The vast majority of small businesses want tax reform, according to the 2015 Small Business Attitudes on Taxes survey released on Monday by Endurance International Group.

The survey of 827 U.S. small business firms (all customers of Endurance, a provider of cloud-based platforms) found that 90% believe that the federal tax code needs reform, and 88% want it to be a priority for the 114th Congress and the White House.

The top three reasons why reform is necessary, according to respondents, are that taxes for small business are too high; tax rules for small businesses are too confusing; and there are too many kinds of taxes to keep track of.

“The survey results are clear: U.S. small businesses want tax code reform and they want our federal lawmakers to enact reforms that make small business growth a priority,” Endurance founder and chief executive Hari Ravichandran said in a press release.

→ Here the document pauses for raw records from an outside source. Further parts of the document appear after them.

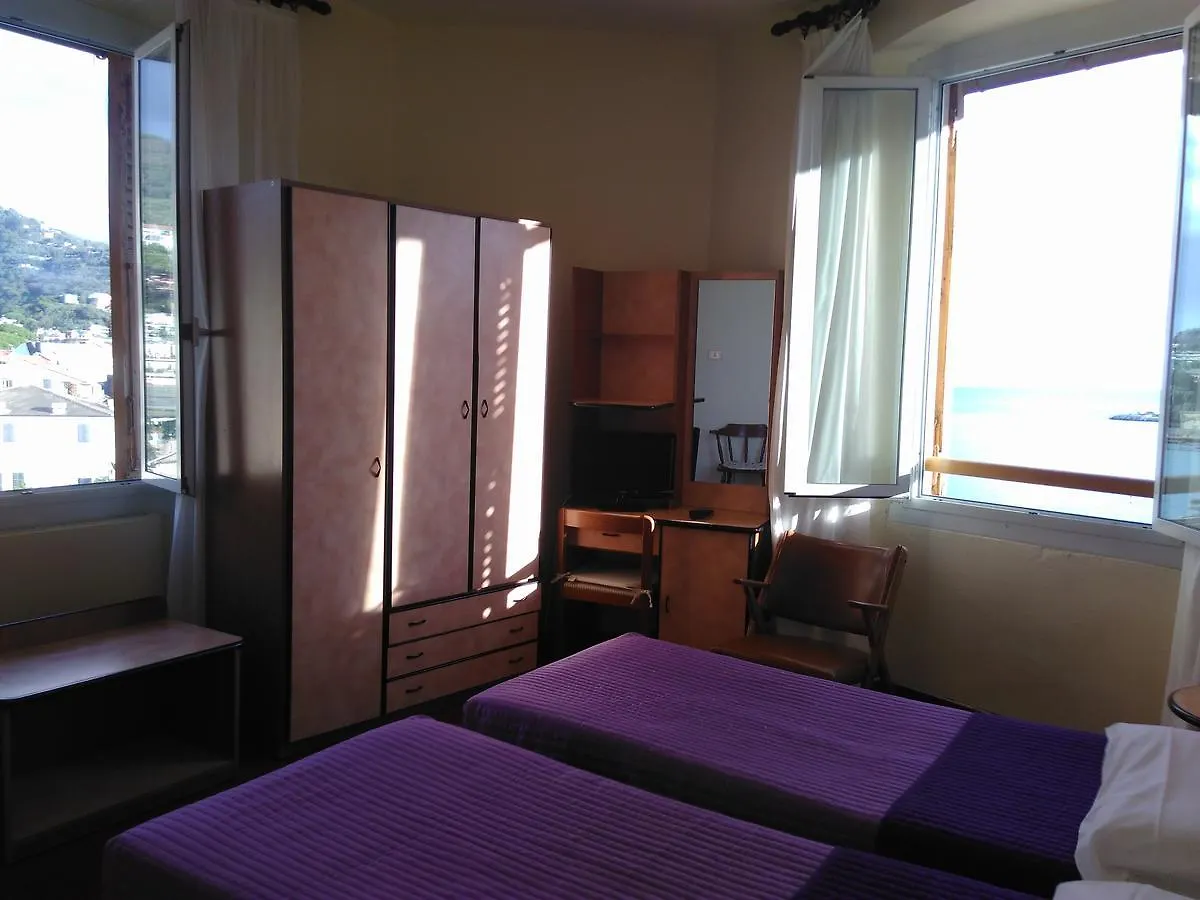 Albergo Bandoni Rapallo 0*,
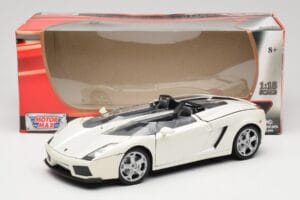 Lamborghini Gallardo Concept S Biały Motormax 1:18 79156 Metal — zdjęcie 8 z 8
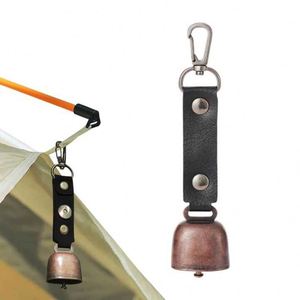 Expédition rapide : Clochette anti-ours en cuir PU avec silencieux magnétique et mousqueton pour dissuasion des ours, cadeaux de bienvenue et décoration de camping - Product Image 2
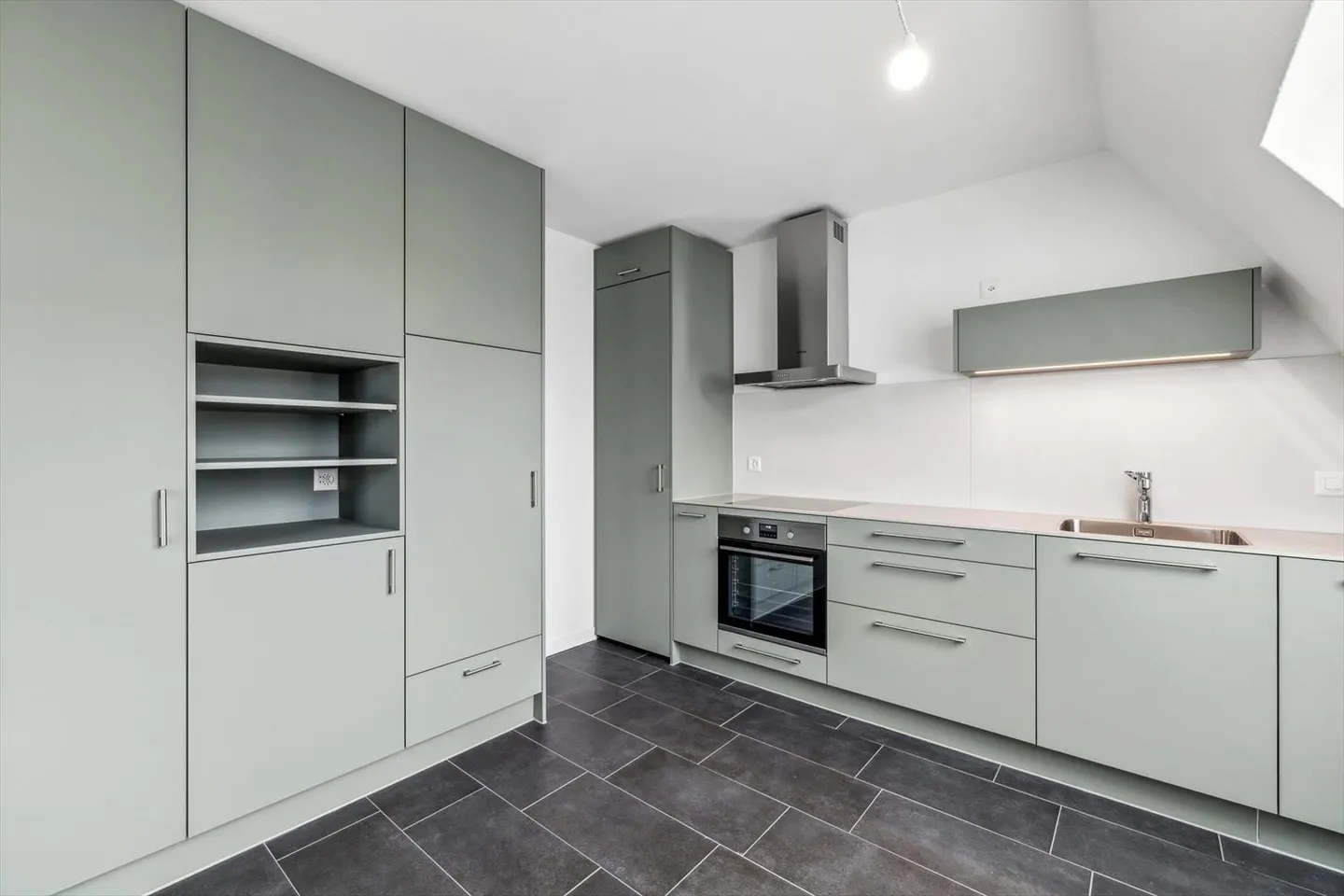 Appartement sous les combles fraîchement rénové (avec une belle promotion pendant la durée de la location) - Photo 3 sur 10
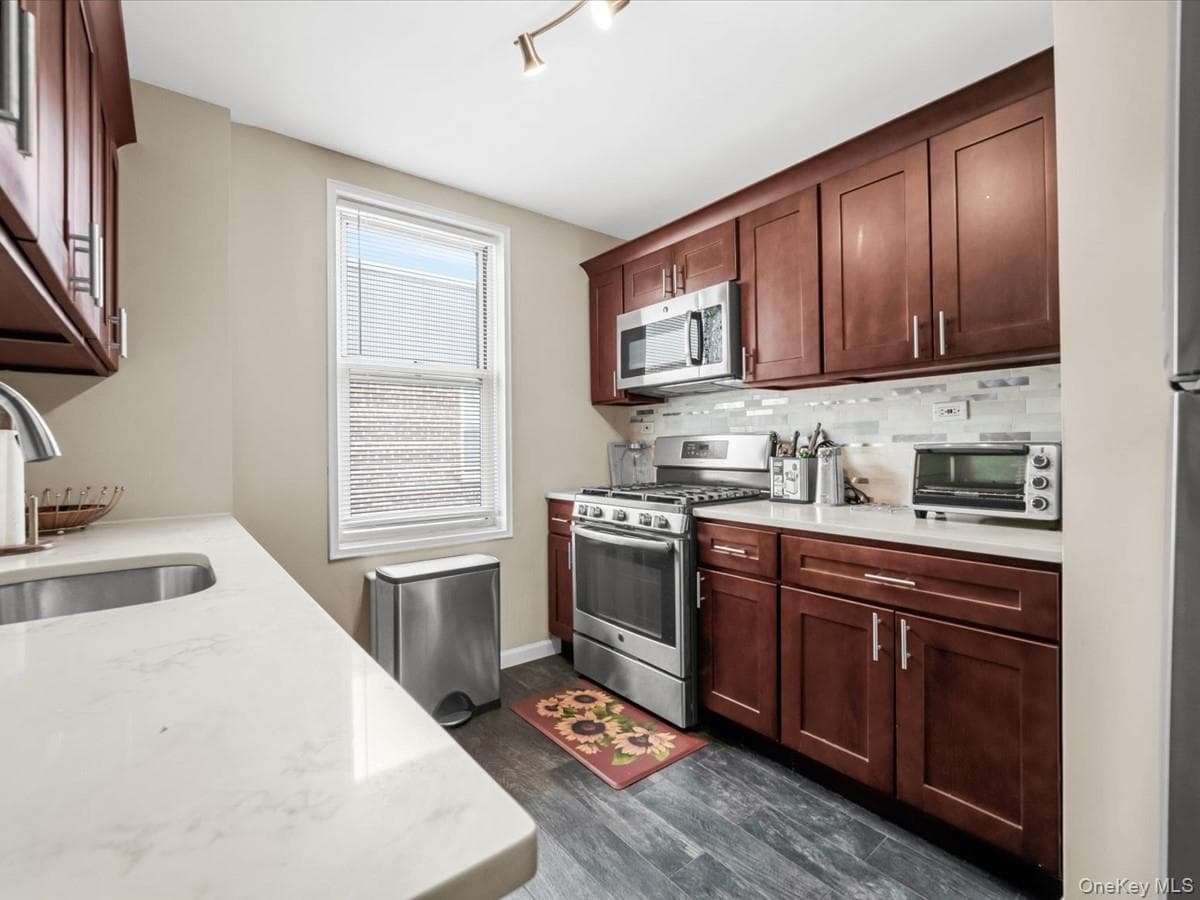 530 Dubois Avenue Unit: 2C thumbnail 8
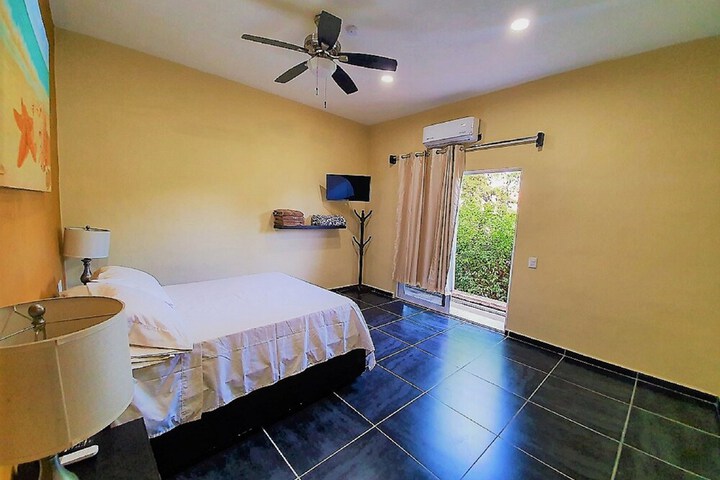Room 11 of 46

“If we want to keep our economy moving, Congress and the White House need to address the concerns of U.S. small businesses. It starts with looking at ways to reform the tax code that enable small-business owners to reinvest in expansion and hiring. These survey results should be an eye-opener for federal legislators as they come back from the April recess.”

More than half of Endurance’s clients (52%) said that tax reform “would be very helpful to growing and expanding my business,” and 73% said that federal levies are more concerning than state and local taxes. Still, 88% of the respondents remain wary that lawmakers would adequately take into account the impact on small businesses when considering reforms to the tax code.

Any legislation regarding online sales tax, for example, is a concern to 63% of the respondents, with 55% saying that online sales should not be taxed at all. Nearly a quarter (24%) believe that online sales should be taxed, but only in the state where the business is located; 14% said online sales should be taxed, but only in the state where 
the customer is located; and 7% said online sales should be taxed both in the state of the business and the customer’s location.

However, 79% said small businesses with less than 50 employees should be exempt from any online sales tax requirements.